Олег почесал темя, искривился, глаз один совсем зажал:

— М-может быть. Вообще-то — не исключено. Но сколько я этих парашуже пережил — уши не выдерживают.

— Но теперь очень точно, очень точно говорят! — Ей так хотелось верить, ей нельзя было отказать!

Олег заложил нижнюю губу за верхнюю, размышляя. Конечно, что-то зрело. Верховный Суд полетел. Только медленно слишком, за месяц — больше ничего, и опять не верилось. Слишком медленна история для нашей жизни, для нашего сердца.

— Ну, дай Бог, — сказал он, больше для неё. — И что ж вы тогда? Уедете?

— Не знааю, — почти без голоса выговорила Мита, расставив пальцы с крупными ногтями по надоевшим истрёпанным карточкам.

— Вы ведь — из-под Сальска?

— Да.

— Ну, разве там лучше?

— Сво-бо-да, — прошептала она.

А верней-то всего — в своём краю надеялась она ещё замуж выйти?

Отправился Олег искать Веру Корнильевну. Не сразу ему это удалось: то она была в рентгенкабинете, то у хирургов. Наконец он увидел, как она шла со Львом Леонидовичем по коридору — и стал их нагонять.

— Вера Корнильевна! Нельзя вас на одну минуточку? Приятно было обращаться к ней, говорить что-нибудь специально для неё, и он замечал, что голос его к ней был не тот, что ко всем.

Она обернулась. Инерция занятости так ясно выражалась в наклоне её корпуса, в положении рук, в озабоченности лица. Но тут же с неизменным ко всем вниманием она и задержалась.

— Да?…

И не добавила «Костоглотов». Только в третьем лице, врачам и сёстрам, она теперь называла его так. А прямо — никак.

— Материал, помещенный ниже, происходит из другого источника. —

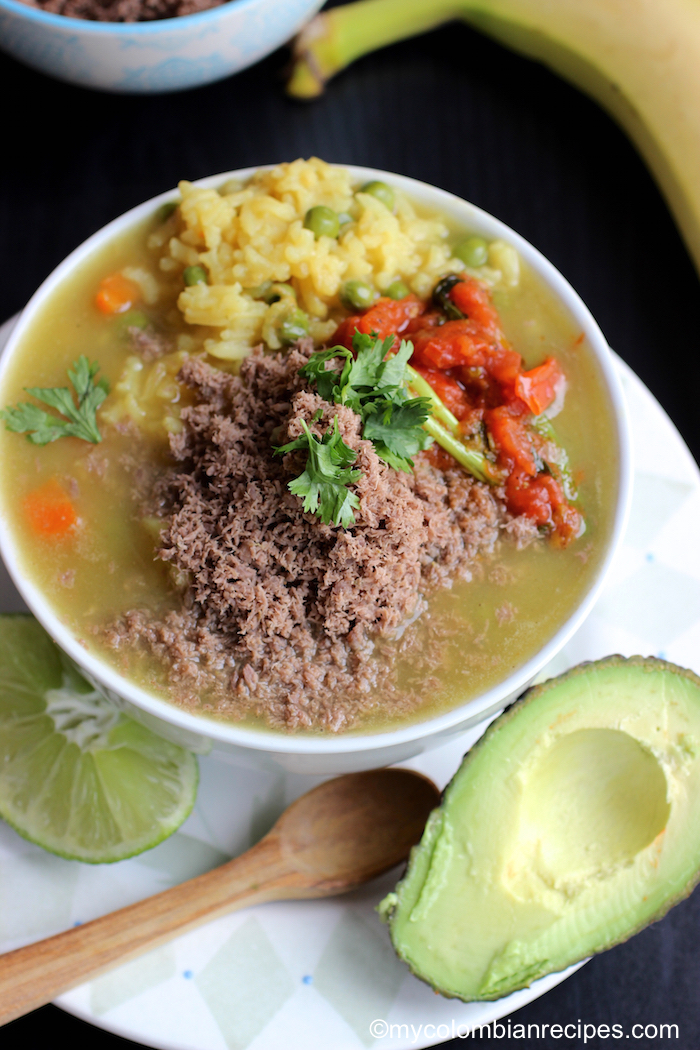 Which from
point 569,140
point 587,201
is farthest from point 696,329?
point 569,140

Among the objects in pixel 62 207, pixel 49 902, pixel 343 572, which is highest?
pixel 343 572

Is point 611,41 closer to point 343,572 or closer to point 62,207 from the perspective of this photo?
point 62,207

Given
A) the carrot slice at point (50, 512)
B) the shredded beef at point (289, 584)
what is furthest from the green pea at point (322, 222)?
the carrot slice at point (50, 512)

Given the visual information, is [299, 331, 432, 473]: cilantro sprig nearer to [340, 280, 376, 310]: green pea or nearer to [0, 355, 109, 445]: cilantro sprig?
[340, 280, 376, 310]: green pea


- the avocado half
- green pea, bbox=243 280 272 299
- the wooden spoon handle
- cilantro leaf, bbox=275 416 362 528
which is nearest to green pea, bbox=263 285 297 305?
green pea, bbox=243 280 272 299

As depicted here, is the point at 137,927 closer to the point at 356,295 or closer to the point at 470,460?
the point at 470,460

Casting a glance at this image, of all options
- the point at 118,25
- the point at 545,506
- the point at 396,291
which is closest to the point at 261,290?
the point at 396,291

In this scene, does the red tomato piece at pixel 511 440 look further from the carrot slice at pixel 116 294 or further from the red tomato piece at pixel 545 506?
the carrot slice at pixel 116 294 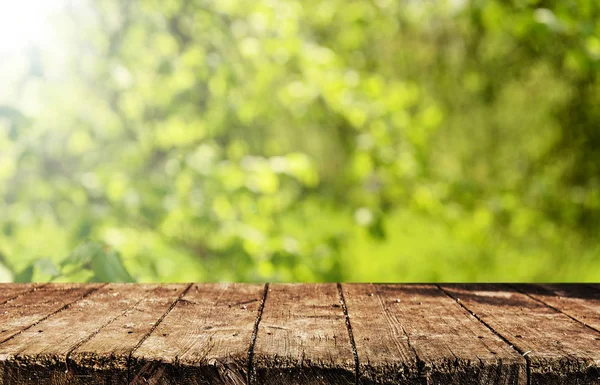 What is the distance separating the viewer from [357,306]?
1.10 meters

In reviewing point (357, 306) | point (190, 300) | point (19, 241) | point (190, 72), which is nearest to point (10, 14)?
point (190, 72)

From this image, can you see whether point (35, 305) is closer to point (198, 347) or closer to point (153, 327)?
point (153, 327)

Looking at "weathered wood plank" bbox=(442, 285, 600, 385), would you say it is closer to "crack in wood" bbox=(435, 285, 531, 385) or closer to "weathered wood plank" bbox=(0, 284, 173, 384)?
"crack in wood" bbox=(435, 285, 531, 385)

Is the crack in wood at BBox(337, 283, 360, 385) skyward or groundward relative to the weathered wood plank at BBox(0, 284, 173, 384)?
skyward

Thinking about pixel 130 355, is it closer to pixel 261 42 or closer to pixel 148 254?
pixel 148 254

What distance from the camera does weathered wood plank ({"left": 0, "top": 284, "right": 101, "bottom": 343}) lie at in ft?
3.17

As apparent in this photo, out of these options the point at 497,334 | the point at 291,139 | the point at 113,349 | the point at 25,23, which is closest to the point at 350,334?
the point at 497,334

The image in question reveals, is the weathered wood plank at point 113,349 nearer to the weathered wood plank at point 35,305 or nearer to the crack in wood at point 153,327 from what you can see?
the crack in wood at point 153,327

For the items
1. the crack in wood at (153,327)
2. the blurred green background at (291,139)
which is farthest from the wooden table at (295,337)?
the blurred green background at (291,139)

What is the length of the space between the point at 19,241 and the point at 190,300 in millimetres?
2065

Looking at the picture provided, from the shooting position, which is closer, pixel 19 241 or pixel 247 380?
pixel 247 380

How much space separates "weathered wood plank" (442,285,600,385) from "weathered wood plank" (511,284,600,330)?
0.03m

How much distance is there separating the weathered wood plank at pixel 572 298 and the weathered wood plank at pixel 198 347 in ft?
1.71

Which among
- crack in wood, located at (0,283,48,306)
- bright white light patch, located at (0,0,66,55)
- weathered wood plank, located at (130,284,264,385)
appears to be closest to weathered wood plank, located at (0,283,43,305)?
crack in wood, located at (0,283,48,306) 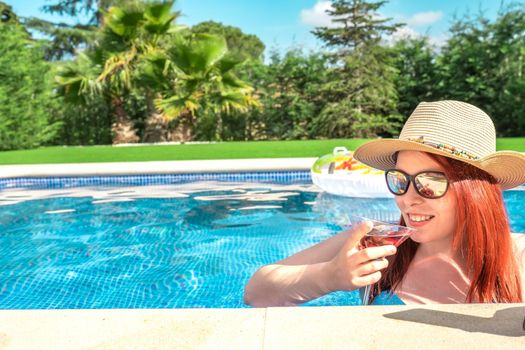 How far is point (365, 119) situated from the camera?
1866 cm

— Вера Корнильевна, у меня к вам просьба большая… Вы не можете Мите сказать, что я точно завтра выписываюсь?

— А зачем?

— Очень нужно. Видите, мне завтра же вечером надо уехать, а для этого…

— Лева, ладно, ты иди! Я сейчас тоже приду. И Лев Леонидович пошёл, покачиваясь и сутулясь, с руками, упёртыми в передние карманы халата, и со спиной, распирающей завязки. А Вера Корнильевна сказала Олегу:

— Зайдёмте ко мне.

И пошла перед ним. Лёгкая. Легко-сочленённая.

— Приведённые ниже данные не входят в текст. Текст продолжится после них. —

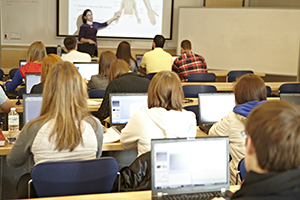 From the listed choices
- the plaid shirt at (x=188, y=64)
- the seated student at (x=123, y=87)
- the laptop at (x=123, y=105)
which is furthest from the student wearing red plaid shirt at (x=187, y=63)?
the laptop at (x=123, y=105)

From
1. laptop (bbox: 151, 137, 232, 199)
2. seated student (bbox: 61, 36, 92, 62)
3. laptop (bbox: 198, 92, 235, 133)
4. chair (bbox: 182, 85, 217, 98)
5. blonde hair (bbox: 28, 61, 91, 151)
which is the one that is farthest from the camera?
seated student (bbox: 61, 36, 92, 62)

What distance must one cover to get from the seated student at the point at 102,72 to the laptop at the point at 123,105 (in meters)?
1.11

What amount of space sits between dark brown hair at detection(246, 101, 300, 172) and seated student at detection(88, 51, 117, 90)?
11.2 ft

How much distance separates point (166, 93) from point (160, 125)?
230mm

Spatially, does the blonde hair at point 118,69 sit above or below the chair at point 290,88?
above

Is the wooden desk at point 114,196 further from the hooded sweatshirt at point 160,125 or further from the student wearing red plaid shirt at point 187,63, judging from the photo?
the student wearing red plaid shirt at point 187,63

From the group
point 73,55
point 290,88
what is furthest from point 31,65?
point 290,88

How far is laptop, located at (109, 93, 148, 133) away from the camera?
3.43 metres

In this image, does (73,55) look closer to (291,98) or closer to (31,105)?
(31,105)

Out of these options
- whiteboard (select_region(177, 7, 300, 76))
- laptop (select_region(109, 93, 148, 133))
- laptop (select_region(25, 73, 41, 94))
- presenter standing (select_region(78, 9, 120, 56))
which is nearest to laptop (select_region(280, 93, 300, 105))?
laptop (select_region(109, 93, 148, 133))

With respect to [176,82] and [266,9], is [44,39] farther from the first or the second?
[176,82]

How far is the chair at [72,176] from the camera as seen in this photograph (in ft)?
Answer: 6.40

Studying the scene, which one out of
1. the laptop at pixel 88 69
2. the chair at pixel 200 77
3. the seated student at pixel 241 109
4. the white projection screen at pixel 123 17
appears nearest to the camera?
the seated student at pixel 241 109

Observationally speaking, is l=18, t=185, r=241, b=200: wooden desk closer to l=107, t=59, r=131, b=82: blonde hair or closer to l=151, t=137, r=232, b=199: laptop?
l=151, t=137, r=232, b=199: laptop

Она завела его в аппаратную, где когда-то он так долго препирался с Донцовой. И за тот же плохо строганный стол села, и ему показала туда же. Но он остался стоять.

А больше — никого не было в комнате. Проходило солнце сюда наклонным золотым столбом с пляшущими пылинками, и ещё отражалось от никелированных частей аппаратов. Было ярко, хоть жмурься, и весело.

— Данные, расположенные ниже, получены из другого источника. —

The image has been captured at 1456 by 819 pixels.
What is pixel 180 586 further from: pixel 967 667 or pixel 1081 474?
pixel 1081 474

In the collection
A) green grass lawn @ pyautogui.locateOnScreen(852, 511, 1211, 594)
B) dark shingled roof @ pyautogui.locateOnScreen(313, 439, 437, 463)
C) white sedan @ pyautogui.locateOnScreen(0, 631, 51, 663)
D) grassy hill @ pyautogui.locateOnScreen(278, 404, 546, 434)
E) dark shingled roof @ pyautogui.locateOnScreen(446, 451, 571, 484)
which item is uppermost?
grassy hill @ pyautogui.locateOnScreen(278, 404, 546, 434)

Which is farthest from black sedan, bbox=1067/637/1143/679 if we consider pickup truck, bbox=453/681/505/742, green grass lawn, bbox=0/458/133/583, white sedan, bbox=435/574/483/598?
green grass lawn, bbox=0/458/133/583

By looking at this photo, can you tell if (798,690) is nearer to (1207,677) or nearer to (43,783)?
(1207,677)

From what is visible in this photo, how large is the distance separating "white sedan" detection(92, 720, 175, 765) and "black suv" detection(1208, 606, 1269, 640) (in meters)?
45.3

— А если я вас завтра не успею выписать? Вы знаете, ведь надо писать эпикриз.

Он не мог понять: она совершенно служебно говорила или немножко с плутоватостью.

— Ипи-что?

— Эпикриз — это вывод изо всего лечения. Пока не готов эпикриз — выписывать нельзя.

Сколько громоздилось дел на этих маленьких плечах! — везде её ждали и звали, а тут ещё он оторвал, а тут ещё писать эпикриз.